= Hak Baker =

British singer and rapper (born 1991)

Hak Baker (born 1991) is a British singer and rapper from London.

==Early life==
Hak Baker was born in Luton to a Grenadian father and Jamaican mother, the fifth of nine children. Since the age of one he has lived on the Isle of Dogs. As a child, he was a choirboy at Southwark Cathedral. Aged 14, he joined the grime group Bomb Squad. He dropped out of school aged 15. In his mid 20s he spent two years in jail for robbery.

== History ==
Baker performed musical collaborations with the Streets. In 2022, he performed at Glastonbury festival.

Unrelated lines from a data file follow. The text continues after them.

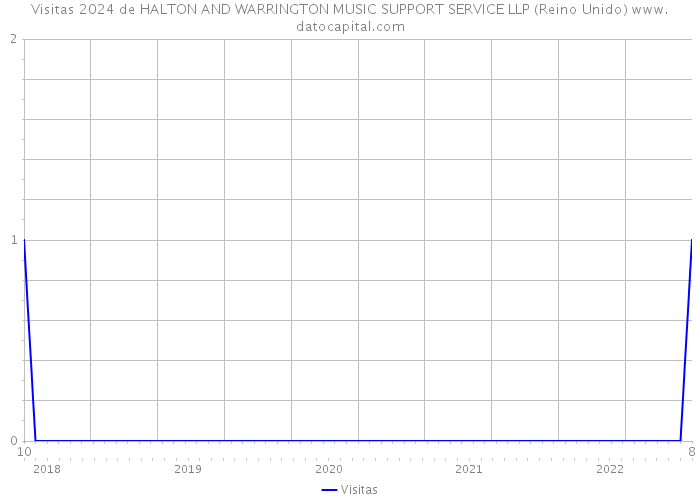 Visitas 2024 de HALTON AND WARRINGTON MUSIC SUPPORT SERVICE LLP (Reino Unido) 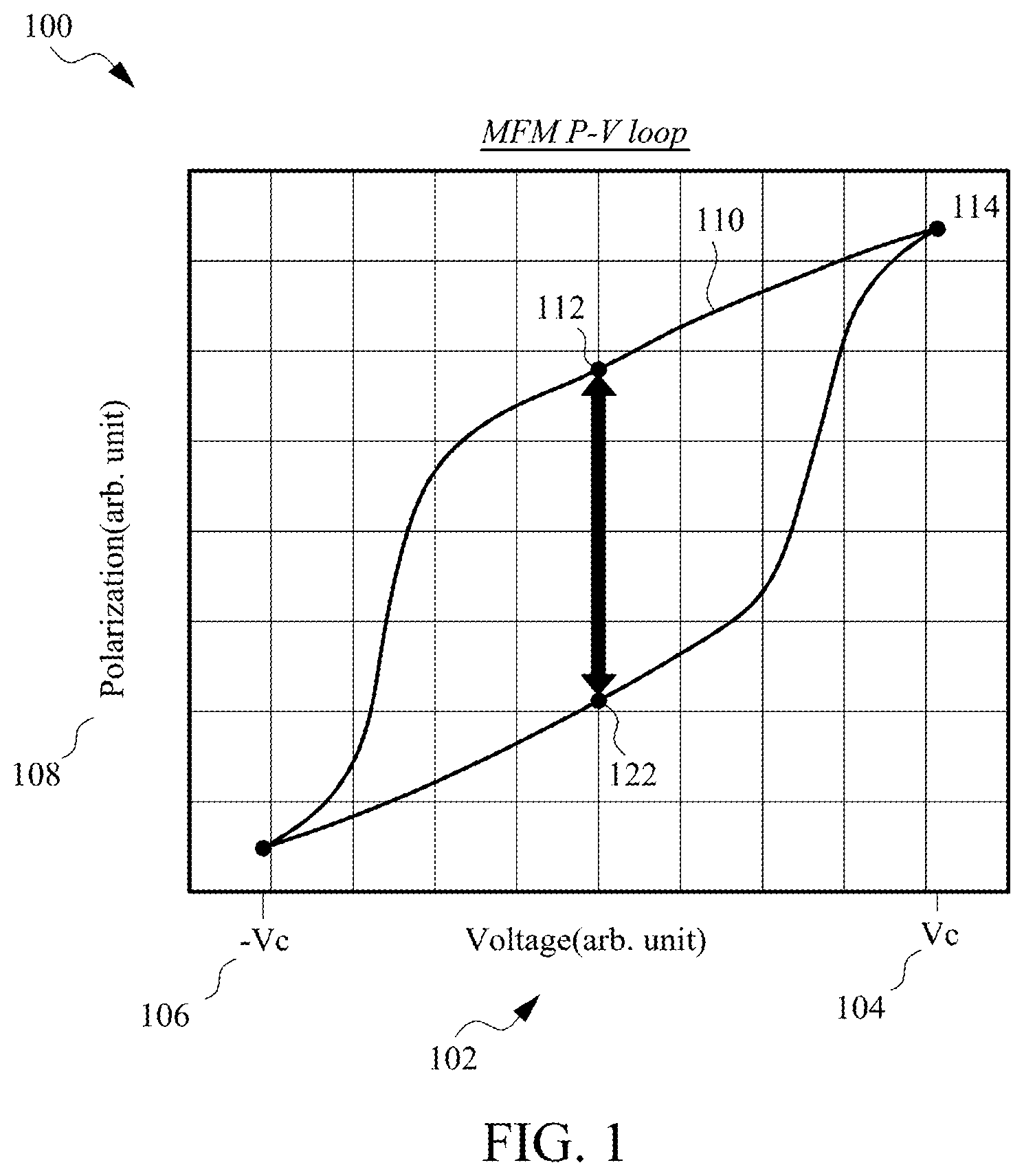 Patent US12426272 — Ferroelectric tunnel junction memory devices with enhanced read window — Figure 1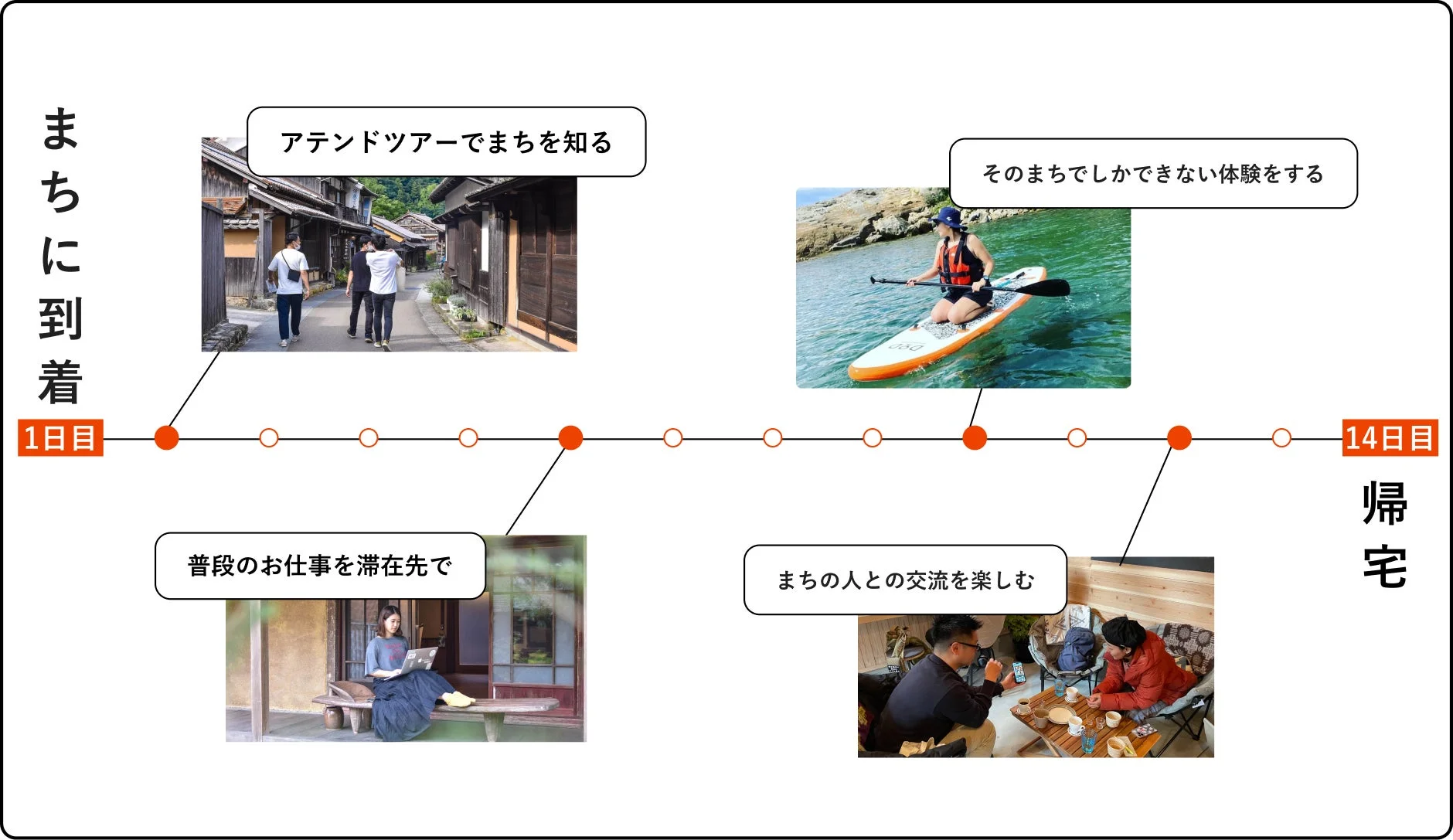 14日間の滞在型旅行のタイムライン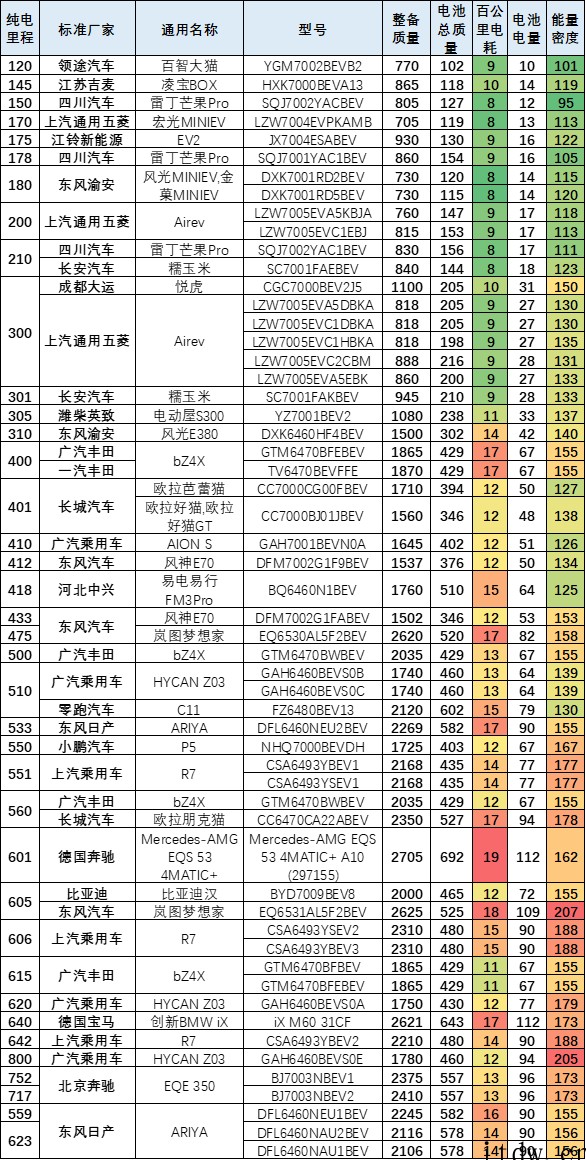 乘联会崔东树:2022年新能源乘用车的免税目录总体数量较少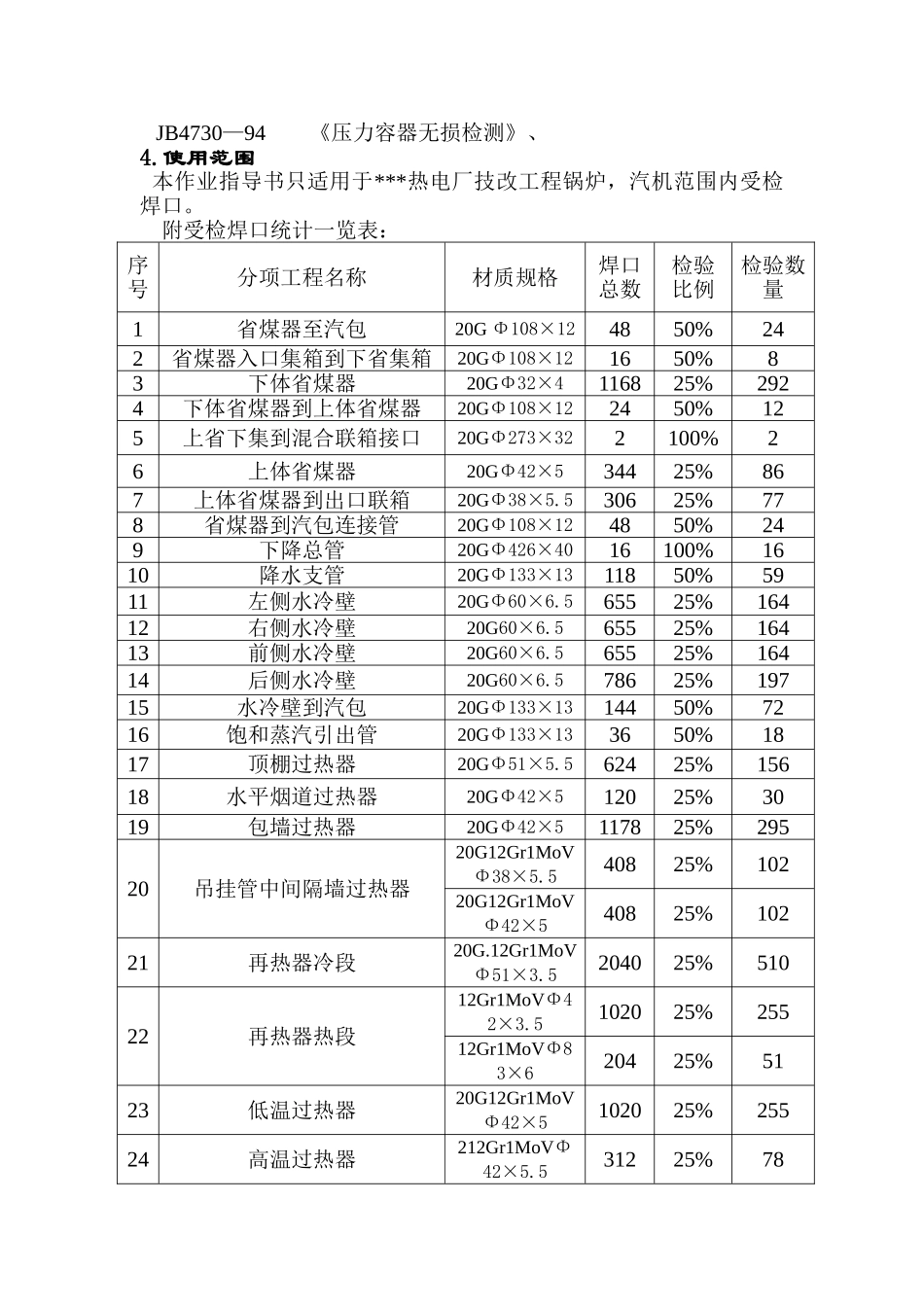 甘肃某热电厂无损探伤超声波施工工艺_第2页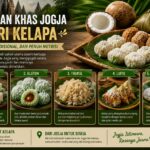 Makanan Khas Jogja Kelapa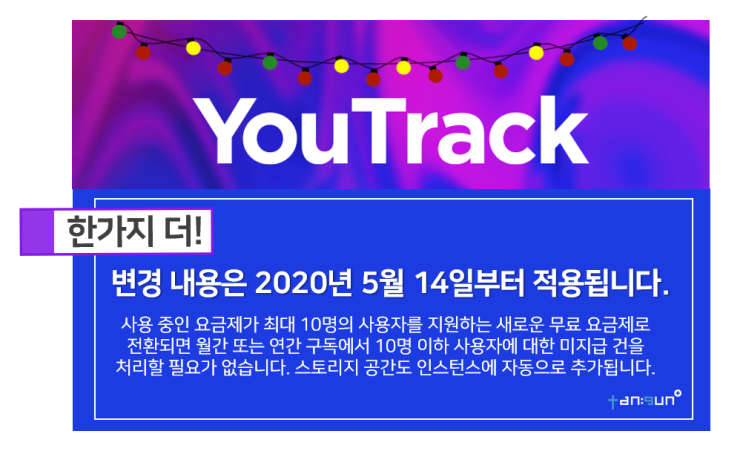  YouTrack InCloud, 최대 10명 사용자로 구성된 팀에게 무료 제공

In 2024, he played at Boomtown Festival and Reading and Leeds Festival.
As part of the Summer Series in July, he also performed to a packed crowd at Somerset House in London.

=== Worlds End FM ===
In 2023 Baker recorded his first album, Worlds End FM. NME featured the album in their lineup of the "10 best debut albums released in 2023," praising it for introducing Baker as a "21st Century troubadour speaking to modern problems with empathy and requisite anger”.

==Style==
Baker's musical style is influenced by grime music, reggae and punk rock. In addition to his singing and rapping talents, he is a skilled guitarist.

==Discography==
===Babylon (2020) ===
- 1. Big House
- 2. Lad
- 3. Broomstick
- 4. Mush
- 5. Venezuela Riddim
- 6. PC Plod
- 7. Babylon
- 8. SKINT
- 9. Grief Eyes
- 10. Fuck You
- 11. Embargo
- 12. Thirsty Thursday (Bonus Track)

===Misled (2021)===
- 1. Cool Kids
- 2. Stay Alive
- 3. Cop Car
- 4. Irrelevant Elephant
- 5. Young Again
- 6. Borrowed Time

===Worlds End FM (2023)===
- 1. World's End FM (Intro)
- 2. DOOLALLY
- 3. Windrush Baby
- 4. Collateral Cause
- 5. Bricks In The Wall
- 6. Full On
- 7. Babylon Must Fall (MC Grindah Skit)
- 8. I Don't Know
- 9. Run
- 10. Telephones 4 Eyes
- 11. Watford's Burning (Connie Constance Skit)
- 12. Brotherhood
- 13. Luv u Bro (Big Zees Skit)
- 14. Dying to Live
- 15. Almost Lost London
- 16. The End of the World

===Nostalgia Death Act 1 EP (2024)===
- 1. Nameless
- 2. Boys X Girls
- 3. Everybody's Dyin’
- 4. Luvly

== Awards and nominations ==

| Award Ceremony | Year | Nominee/Work | Category | Result |
|---|---|---|---|---|
| Berlin Music Video Awards | 2024 | Telephone 4 Eyes | Best Experimentral | Nominated |

==Personal life==
Baker supports left-wing political causes. He has criticised the gentrification of working class areas by yuppies and middle class hipster subculture. He also opposes the Tories' attempts to deport refugees to Rwanda, and has compared it to the discrimination faced by the Windrush generation.